"Error: Could not find or load main class org.apache.spark.deploy.yarn.ExecutorLauncher" w-CodePudding

I am trying to run the spark-submit command on my Hadoop cluster Here is a summary of my Hadoop Cluster:

The cluster is built using 5 VirtualBox VM's connected on an internal network
There is 1 namenode and 4 datanodes created.
All the VM's were built from the Bitnami Hadoop Stack VirtualBox image

I am trying to run one of the spark examples using the following spark-submit command

spark-submit --class org.apache.spark.examples.SparkPi $SPARK_HOME/examples/jars/spark-examples_2.12-3.0.3.jar 10

I get the following error:

[2022-07-25 13:32:39.253]Container exited with a non-zero exit code 1. Error file: prelaunch.err.
Last 4096 bytes of prelaunch.err :
Last 4096 bytes of stderr :
Error: Could not find or load main class org.apache.spark.deploy.yarn.ExecutorLauncher

I get the same error when trying to run a script with PySpark.

I have tried/verified the following:

environment variables: HADOOP_HOME, SPARK_HOME and HADOOP_CONF_DIR have been set in my .bashrc file
SPARK_DIST_CLASSPATH and HADOOP_CONF_DIR have been defined in spark-env.sh
Added spark.master yarn, spark.yarn.stagingDir hdfs://hadoop-namenode:8020/user/bitnami/sparkStaging and spark.yarn.jars hdfs://hadoop-namenode:8020/user/bitnami/spark/jars/ in spark-defaults.conf
I have uploaded the jars into hdfs (i.e. hadoop fs -put $SPARK_HOME/jars/* hdfs://hadoop-namenode:8020/user/bitnami/spark/jars/ )
The logs accessible via the web interface (i.e. http://hadoop-namenode:8042 ) do not provide any further details about the error.

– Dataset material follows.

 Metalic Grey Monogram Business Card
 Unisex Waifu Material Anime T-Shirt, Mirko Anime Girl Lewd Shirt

CodePudding user response：

This section of the Spark documentation seems relevant to the error since the YARN libraries should be included, by default, but only if you've installed the appropriate Spark version

For with-hadoop Spark distribution, since it contains a built-in Hadoop runtime already, by default, when a job is submitted to Hadoop Yarn cluster, to prevent jar conflict, it will not populate Yarn’s classpath into Spark. To override this behavior, you can set spark.yarn.populateHadoopClasspath=true. For no-hadoop Spark distribution, Spark will populate Yarn’s classpath by default in order to get Hadoop runtime. For with-hadoop Spark distribution, if your application depends on certain library that is only available in the cluster, you can try to populate the Yarn classpath by setting the property mentioned above. If you run into jar conflict issue by doing so, you will need to turn it off and include this library in your application jar.

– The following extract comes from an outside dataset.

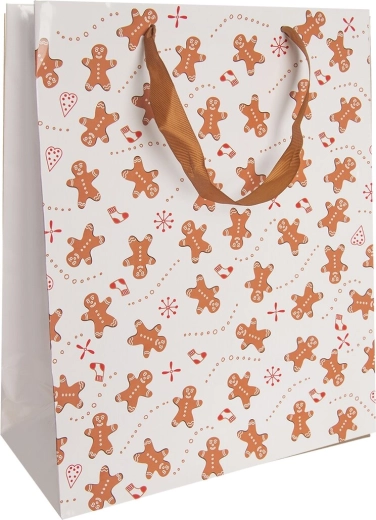 Kingituseks mõeldud paberkott piparkoogimotiiviga 26 × 12 × 32 cm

https://spark.apache.org/docs/latest/running-on-yarn.html#preparations

Otherwise, yarn.application.classpath in yarn-site.xml refers to local filesystem paths in each of ResourceManager servers where JARs are available for all YARN applications (spark.yarn.jars or extra packages should get layered onto this)

Another problem could be file permissions. You probably shouldn't put Spark jars into an HDFS user folder if they're meant to be used by all users. Typically, I'd put it under hdfs:///apps/spark/<version>, then give that 744 HDFS permissions

In the Spark / YARN UI, it should show the complete classpath of the application for further debugging

CodePudding user response：

I figured out why I was getting this error. It turns out that I made an error while specifying spark.yarn.jars in spark-defaults.conf

The value of this property must be

hdfs://hadoop-namenode:8020/user/bitnami/spark/jars/*

instead of

 hdfs://hadoop-namenode:8020/user/bitnami/spark/jars/

i.e. Basically, we need to specify the jar files as the value to this property and not the folder containing the jar files.